We subsequently analyzed the change in gene expression over time for individual patients. We found that there was a significant decrease in TLR4 expression in the stool of the non-opioid exposed control infants between the samples collected on days 1–3 and days 4–9 (P < 0.01, Fig. 4A). In contrast, there was no significant difference between these time frames for the opioid-exposed infants (P > 0.05). There was also no clear pattern of stool gene expression changes for HMGB1 for either treatment group (Fig. 4B).
Expression of TLR4 (A) and HMGB1 (B) was measured in the stool of opioid-exposed (n = 9) and non-exposed control (n = 8) infants between days 1–3 and days 4–9 after delivery. Data points indicate gene expression for a single infant. Connected dots represent the same infant at two different time points. *P < 0.01, ns =P > 0.05 via Two-Way repeated measures ANOVA.
Discussion
In this study, we demonstrate that expression of TLR4, but not HMGB1, is significantly decreased in the stool of a cohort of neonates exposed to opioids in utero. Although our initial hypothesis was that neonates with NOWS would exhibit increased TLR4 expression, which could predispose them to NEC [5], our data suggest otherwise.

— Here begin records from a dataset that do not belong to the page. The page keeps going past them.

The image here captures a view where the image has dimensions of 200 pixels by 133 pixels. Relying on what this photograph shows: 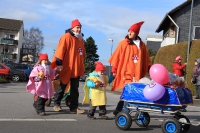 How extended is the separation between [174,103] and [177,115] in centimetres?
53

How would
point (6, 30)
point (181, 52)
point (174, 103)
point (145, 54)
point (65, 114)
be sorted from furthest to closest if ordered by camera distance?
point (6, 30), point (181, 52), point (65, 114), point (145, 54), point (174, 103)

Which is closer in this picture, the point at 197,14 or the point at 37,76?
the point at 37,76

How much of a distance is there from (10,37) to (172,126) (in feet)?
256

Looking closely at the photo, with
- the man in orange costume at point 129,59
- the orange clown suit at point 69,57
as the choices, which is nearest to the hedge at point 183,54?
the orange clown suit at point 69,57

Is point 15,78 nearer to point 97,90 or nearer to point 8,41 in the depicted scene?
point 97,90

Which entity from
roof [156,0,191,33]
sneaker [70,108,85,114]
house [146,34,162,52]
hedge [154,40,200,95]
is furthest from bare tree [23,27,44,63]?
sneaker [70,108,85,114]

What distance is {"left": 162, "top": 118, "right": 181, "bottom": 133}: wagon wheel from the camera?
246 inches

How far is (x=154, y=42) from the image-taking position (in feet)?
267

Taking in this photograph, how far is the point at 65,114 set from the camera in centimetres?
863

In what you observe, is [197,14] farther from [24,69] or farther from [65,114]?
[65,114]

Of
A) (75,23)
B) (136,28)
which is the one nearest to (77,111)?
(75,23)

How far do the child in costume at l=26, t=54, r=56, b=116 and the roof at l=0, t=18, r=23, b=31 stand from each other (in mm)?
72720

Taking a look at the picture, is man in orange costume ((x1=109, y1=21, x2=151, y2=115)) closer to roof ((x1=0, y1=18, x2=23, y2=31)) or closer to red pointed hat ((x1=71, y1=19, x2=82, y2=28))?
red pointed hat ((x1=71, y1=19, x2=82, y2=28))

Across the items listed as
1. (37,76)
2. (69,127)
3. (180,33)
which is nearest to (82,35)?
(37,76) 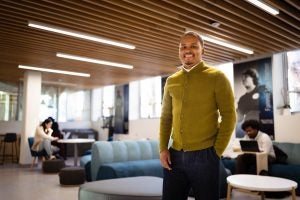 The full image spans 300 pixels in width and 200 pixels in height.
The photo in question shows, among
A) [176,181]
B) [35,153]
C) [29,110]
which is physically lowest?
[35,153]

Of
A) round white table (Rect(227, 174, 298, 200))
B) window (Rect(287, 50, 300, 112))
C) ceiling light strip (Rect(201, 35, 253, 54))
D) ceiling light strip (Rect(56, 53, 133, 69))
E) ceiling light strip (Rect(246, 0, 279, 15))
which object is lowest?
round white table (Rect(227, 174, 298, 200))

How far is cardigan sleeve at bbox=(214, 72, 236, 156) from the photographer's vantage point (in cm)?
153

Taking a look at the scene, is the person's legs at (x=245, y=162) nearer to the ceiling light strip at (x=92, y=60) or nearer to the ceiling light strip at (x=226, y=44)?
the ceiling light strip at (x=226, y=44)

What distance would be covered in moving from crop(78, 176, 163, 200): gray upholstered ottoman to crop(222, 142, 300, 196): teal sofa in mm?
2653

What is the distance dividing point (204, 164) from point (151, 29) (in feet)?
13.1

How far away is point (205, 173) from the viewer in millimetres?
1522

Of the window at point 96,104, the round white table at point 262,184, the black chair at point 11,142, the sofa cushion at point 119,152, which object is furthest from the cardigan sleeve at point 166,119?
the window at point 96,104

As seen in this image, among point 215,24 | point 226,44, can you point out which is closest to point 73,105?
point 226,44

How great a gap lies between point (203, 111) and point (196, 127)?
10 cm

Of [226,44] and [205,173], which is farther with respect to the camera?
[226,44]

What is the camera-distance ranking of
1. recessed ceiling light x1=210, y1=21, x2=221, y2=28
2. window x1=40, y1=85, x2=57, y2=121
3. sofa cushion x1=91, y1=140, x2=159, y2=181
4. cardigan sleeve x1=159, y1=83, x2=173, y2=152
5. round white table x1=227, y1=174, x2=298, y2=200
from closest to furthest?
1. cardigan sleeve x1=159, y1=83, x2=173, y2=152
2. round white table x1=227, y1=174, x2=298, y2=200
3. recessed ceiling light x1=210, y1=21, x2=221, y2=28
4. sofa cushion x1=91, y1=140, x2=159, y2=181
5. window x1=40, y1=85, x2=57, y2=121

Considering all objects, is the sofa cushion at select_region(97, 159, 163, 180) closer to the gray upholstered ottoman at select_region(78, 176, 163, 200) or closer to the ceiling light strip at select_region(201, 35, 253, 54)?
the gray upholstered ottoman at select_region(78, 176, 163, 200)

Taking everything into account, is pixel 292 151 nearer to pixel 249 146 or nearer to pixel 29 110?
pixel 249 146

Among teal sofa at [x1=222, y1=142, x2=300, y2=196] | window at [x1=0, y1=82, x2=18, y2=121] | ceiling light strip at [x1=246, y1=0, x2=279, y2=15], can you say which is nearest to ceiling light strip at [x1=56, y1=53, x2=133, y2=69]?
teal sofa at [x1=222, y1=142, x2=300, y2=196]
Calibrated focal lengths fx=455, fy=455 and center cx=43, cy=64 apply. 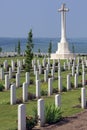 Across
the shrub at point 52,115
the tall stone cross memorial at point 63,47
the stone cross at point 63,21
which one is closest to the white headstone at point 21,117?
the shrub at point 52,115

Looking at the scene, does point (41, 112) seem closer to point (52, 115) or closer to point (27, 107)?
point (52, 115)

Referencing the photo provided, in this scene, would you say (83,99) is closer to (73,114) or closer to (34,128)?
(73,114)

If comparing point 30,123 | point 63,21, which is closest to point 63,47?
point 63,21

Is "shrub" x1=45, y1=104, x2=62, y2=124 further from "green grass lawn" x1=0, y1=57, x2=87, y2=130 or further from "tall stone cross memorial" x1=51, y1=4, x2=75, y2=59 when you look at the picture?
"tall stone cross memorial" x1=51, y1=4, x2=75, y2=59

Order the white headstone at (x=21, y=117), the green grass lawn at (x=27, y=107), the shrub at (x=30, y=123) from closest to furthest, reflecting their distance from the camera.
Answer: the white headstone at (x=21, y=117), the shrub at (x=30, y=123), the green grass lawn at (x=27, y=107)

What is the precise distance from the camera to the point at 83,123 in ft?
43.3

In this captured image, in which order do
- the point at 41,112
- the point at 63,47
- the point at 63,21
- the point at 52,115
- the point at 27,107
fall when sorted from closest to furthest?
the point at 41,112 < the point at 52,115 < the point at 27,107 < the point at 63,47 < the point at 63,21

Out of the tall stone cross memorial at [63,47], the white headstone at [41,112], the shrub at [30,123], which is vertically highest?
the tall stone cross memorial at [63,47]

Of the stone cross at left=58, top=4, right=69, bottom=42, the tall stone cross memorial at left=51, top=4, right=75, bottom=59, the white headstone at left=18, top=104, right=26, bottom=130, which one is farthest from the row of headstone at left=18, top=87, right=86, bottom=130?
the stone cross at left=58, top=4, right=69, bottom=42

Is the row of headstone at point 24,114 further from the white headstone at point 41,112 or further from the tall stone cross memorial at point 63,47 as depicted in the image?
the tall stone cross memorial at point 63,47

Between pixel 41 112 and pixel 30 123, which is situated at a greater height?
pixel 41 112

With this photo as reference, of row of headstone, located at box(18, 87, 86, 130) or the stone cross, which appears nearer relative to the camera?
row of headstone, located at box(18, 87, 86, 130)

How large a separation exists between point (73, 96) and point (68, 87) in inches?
92.3

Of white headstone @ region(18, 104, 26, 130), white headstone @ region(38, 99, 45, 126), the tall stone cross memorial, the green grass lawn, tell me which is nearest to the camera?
white headstone @ region(18, 104, 26, 130) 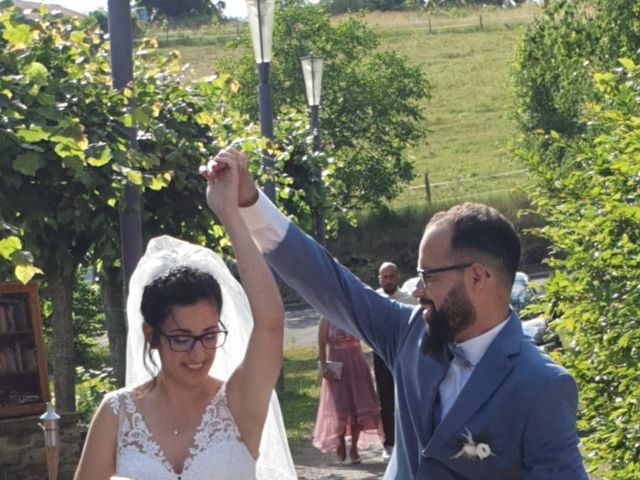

TLR4 is an innate pattern recognition receptor that recognizes LPS expressed by Gram-negative bacteria [18, 19] and has been linked to the development of NEC in preterm neonates [14]. Intestinal epithelial cell expression of TLR4 is required for the development of NEC in mice, and increases inflammatory cytokine production, accentuates epithelial barrier dysfunction, and promotes intestinal epithelial cell death during experimental NEC [14, 25,26,27,28]. It is hypothesized that TLR4 activation by a dysbiotic microbiome within the intestine of preterm neonates induces an unrestrained inflammatory response that leads to intestinal injury and NEC. The human intestine is colonized by trillions of microbes, and intestinal immunity must exist in a fine balance of responding to potentially harmful pathogens versus inducing injury through off target inflammatory responses to commensal microbes. This is particularly complex in preterm neonates where the intestinal immune system is immature, and the microbiome lacks the predominance of commensal species such as Bifidobacterium and Lactobacillus spp., observed for breastfed term neonates [29,30,31]. Additionally, an increased abundance of bacteria in the Gammaproteobacteria class has been shown to precede the development of NEC [32, 33]. These data point to an important interplay between TLR4 activation and inflammation in the preterm neonatal intestine; however, the essential factors in the initiation and modulation of the inflammatory cycle in NEC remain areas of active research.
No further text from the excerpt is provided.